Recuerdo de mis maestros

Tengo gratos recuerdos de mis maestros de secundaria, aunque varios de ellos ya no están. El de Geometría y Trigonometría era bravazo. Los muchachos nos referíamos a él con el apelativo de “Fu-Manchú”. Era alto, de contextura delgada, pelo crespo abundante y alborotado, y bigotes terminados en punta y curvados hacia arriba, característica que a nuestros ojos le convertía en el doble del famoso ilusionista británico que adoptó ese seudónimo. “Fu-Manchú” vestía siempre una guayabera blanca y hacía magia con los números, con los cálculos de áreas de figuras geométricas y con las funciones  trigonométricas habidas y por haber en un triángulo.
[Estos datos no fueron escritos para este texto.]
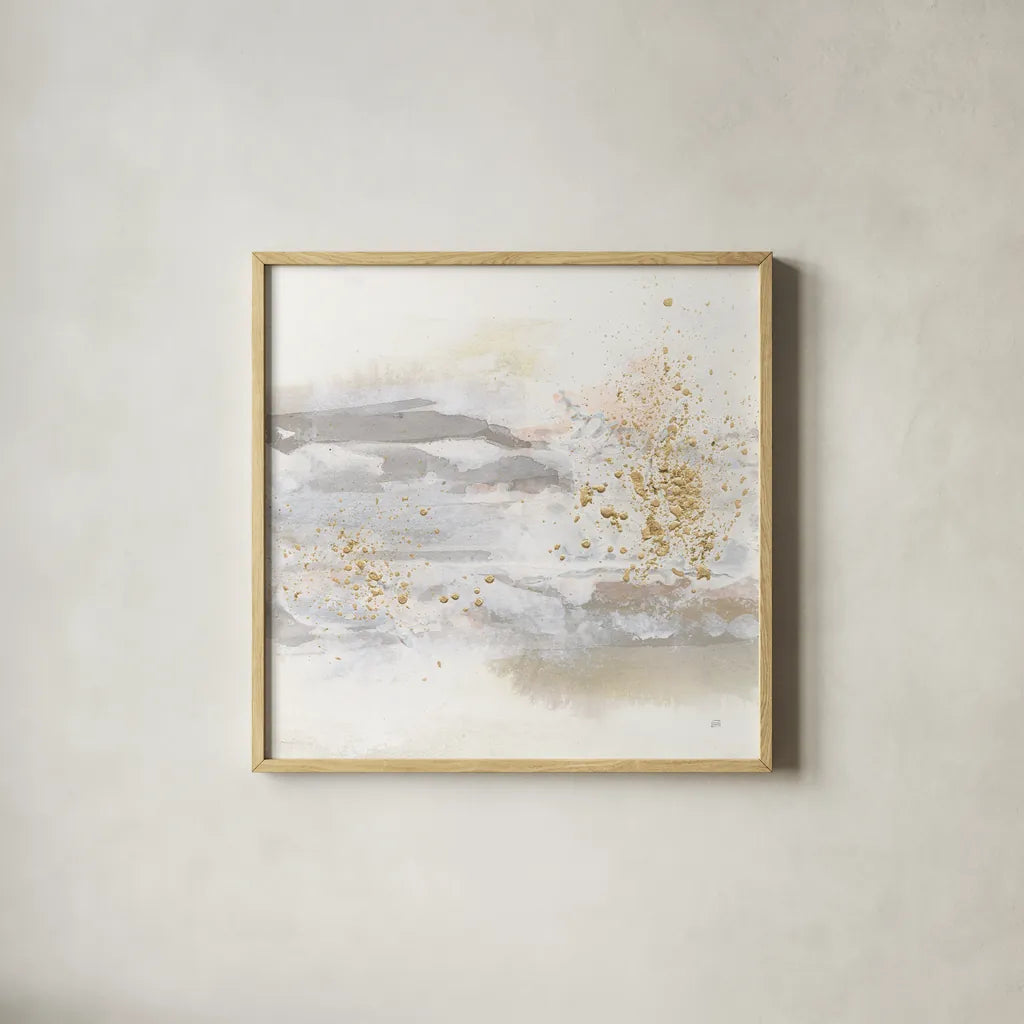 Winter Gold III by Chris Paschke. Shown in a natural wood glass frame for a timeless modern aesthetic. Available as an archival giclee rolled canvas, fine art paper, or poster print. SKU 71897a.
El problema es que quería que todos seamos magos con los números, y eso era ciertamente complicado para el 90% de la clase. Entonces sacaba a relucir su regla de madera en forma de T que usaba para sus trazos de figuras en la amplia pizarra verdeoscura del salón. Las posaderas de varios de mis compañeros de promoción deben sentir hasta ahora el ardor del reglazo trigonométrico que recibieron por no convertirse en sus fieles discípulos. Yo no recibí ningún reglazo, pero sí que me aprendí bien eso de los senos y los cosenos, las secantes y las tangentes y todas sus inversas.  Y, claro, se lo debo a “Fu Manchú”.
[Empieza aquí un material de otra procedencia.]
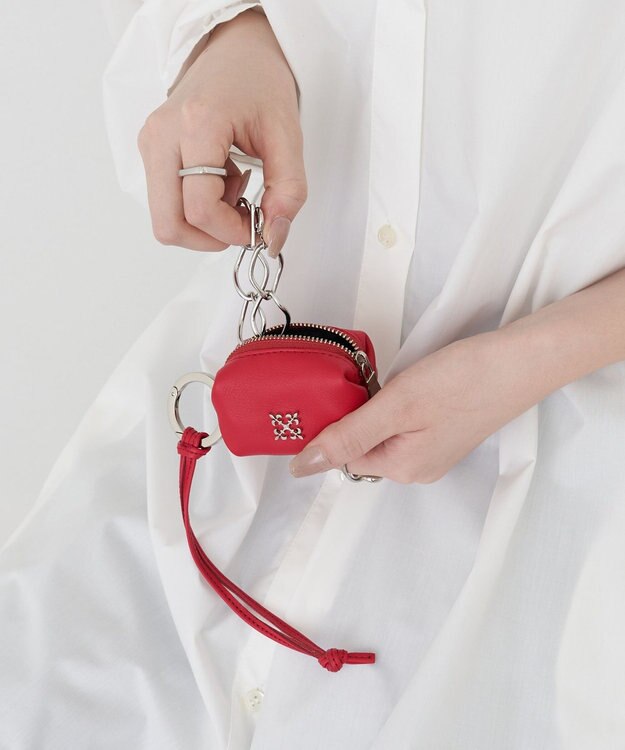 russet カラビナ付き レザーミニポーチ型チャーム(Z-220) S.Red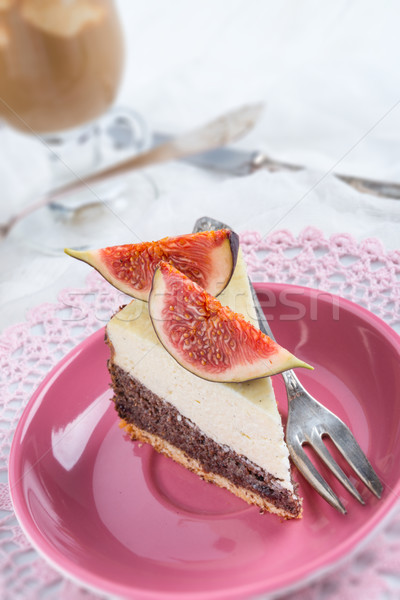 with figs poppy seed cheesecake Stock photo © Dar1930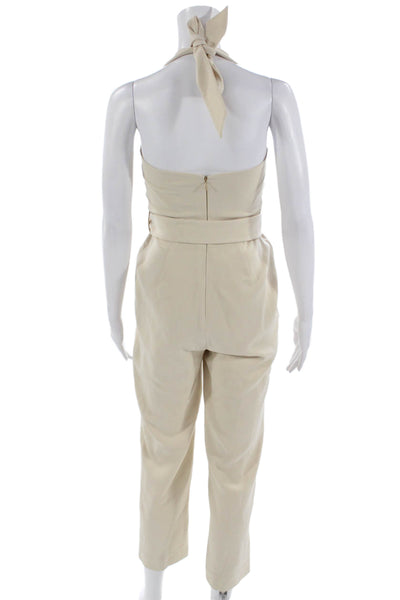 Jonathan Simkhai Women Beige Halter Neck Sleeveless Jumpsuit Size 2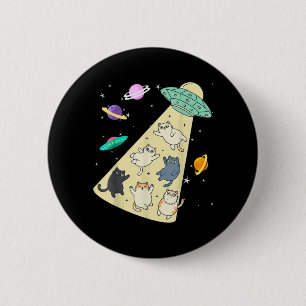 Cute UFO Cat Abduction Cartoon Space Cats Funny 6 Cm Round Badge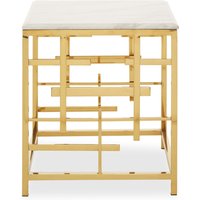 Aprilia White Marble Side Table - White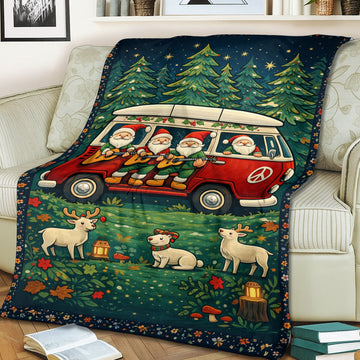Personalized Christmas Hippie Van Blanket – Custom Name Santa Camper Holiday Gift for Van Life & Retro Lovers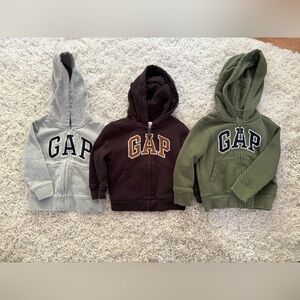 GAP Full Zip Hoodies in Olive, Chocolate, and Heather Gray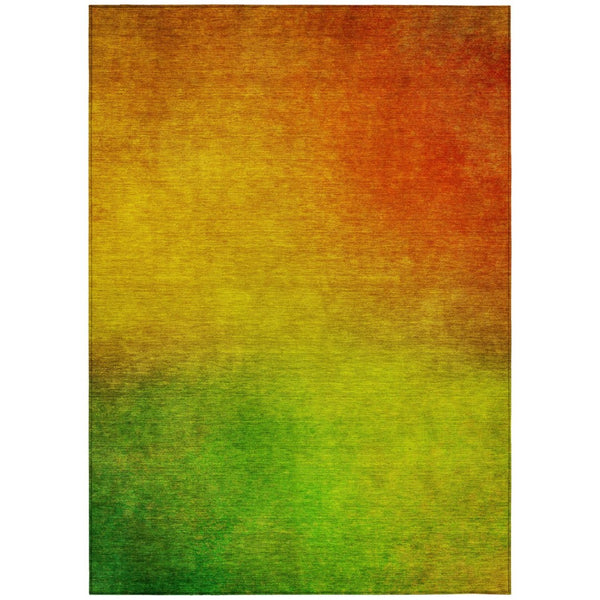 HomeRoots 5' Terra Cotta Gold Green Ombre Rug - Stylish Washable Area Rug for Indoor & Outdoor Spaces 5' X 8' 577278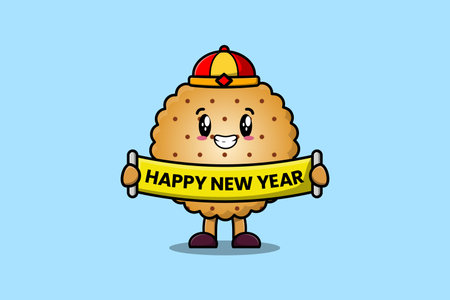 Cute cartoon Cookies chinese character holding happy new year board illustrationのイラスト素材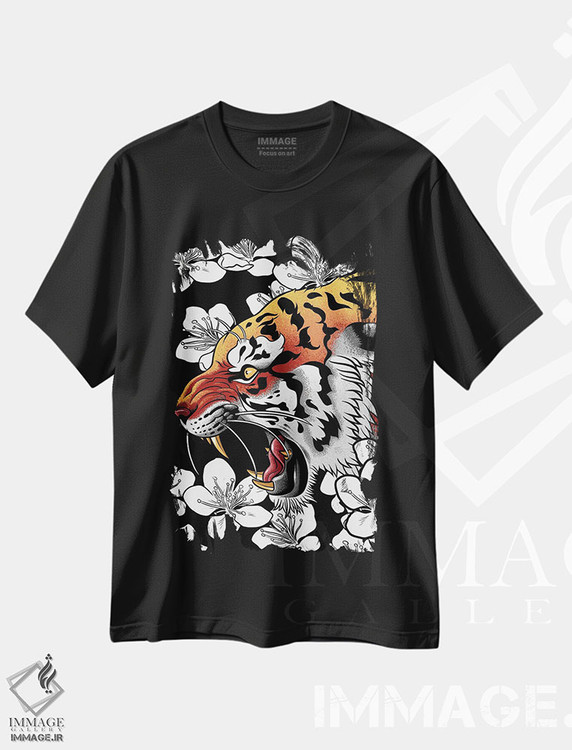 تیشرت طرح دار تاتوی ببر و درخت گیلاس، هنر دیجیتال اثر آلبرتو پرز | فروشگاه ایماژ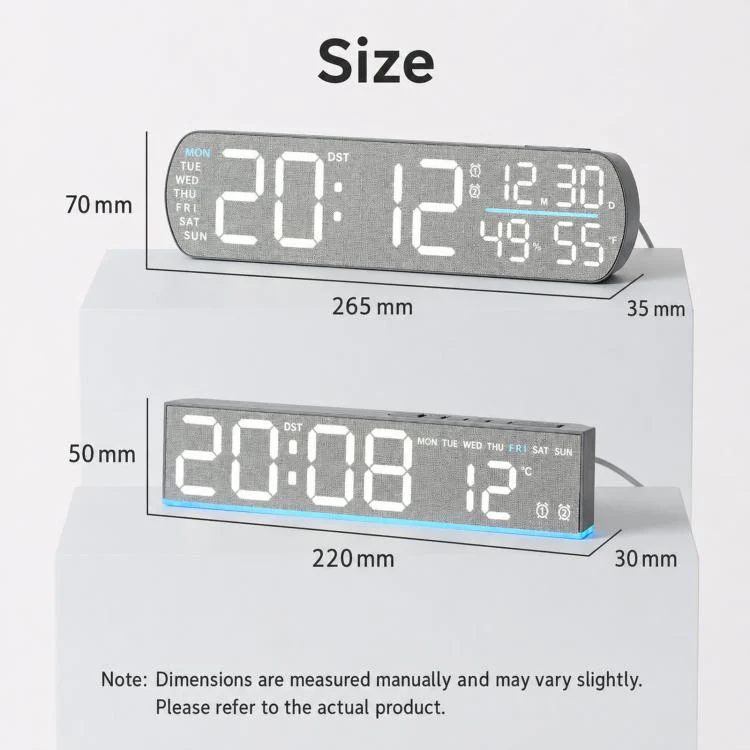 LED Digital Alarm Clock  With Temperature Display DST Dual Alarm 6686A Wood Grain - Image 9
Otro maestro que dejó huella imborrable en la secundaria de varones fue el profesor Amaya. Venido de algún lugar de Cajamarca, era joven, de baja estatura, flaco y de andar pausado, el pelo lacio le caía por la frente de rasgos andinos. Cada clase era una cátedra magistral, y al escucharle no sabíamos sí el colegio había contratado un profesor de química como nos presentaron o un ingeniero químico con doctorado en Harvard. A medida que sus manos dibujaban ágilmente las complejas funciones químicas como si fueran figuritas simples, el polvo de las tizas de varios colores que caían al suelo cambiaban el aspecto cromático de sus zapatos.
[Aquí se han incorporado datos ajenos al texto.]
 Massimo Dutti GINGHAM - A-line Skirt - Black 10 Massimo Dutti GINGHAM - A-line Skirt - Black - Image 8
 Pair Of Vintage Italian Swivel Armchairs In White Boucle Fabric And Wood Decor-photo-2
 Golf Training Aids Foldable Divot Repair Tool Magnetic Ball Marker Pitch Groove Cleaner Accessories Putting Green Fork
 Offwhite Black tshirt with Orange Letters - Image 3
Era un verdadero monstruo de la química. La pizarra que iba de pared a pared se empequeñecía frente a su talento. Con la química inorgánica aprendí como se formaban los óxidos, los ácidos, las bases y las sales, de manera que podía explicarle químicamente a mi padre por qué su piedra de afilar  adquiría esa tonalidad marrón y ese típico olor a herrumbre cuando hacía fricción con los metales de su machete y de sus herramientas, en presencia de agua. Y con la orgánica llegué a explicarle mejor el  aroma del fermento de la chicha o el suave efecto alcoholizador de una cuñushca de yuca.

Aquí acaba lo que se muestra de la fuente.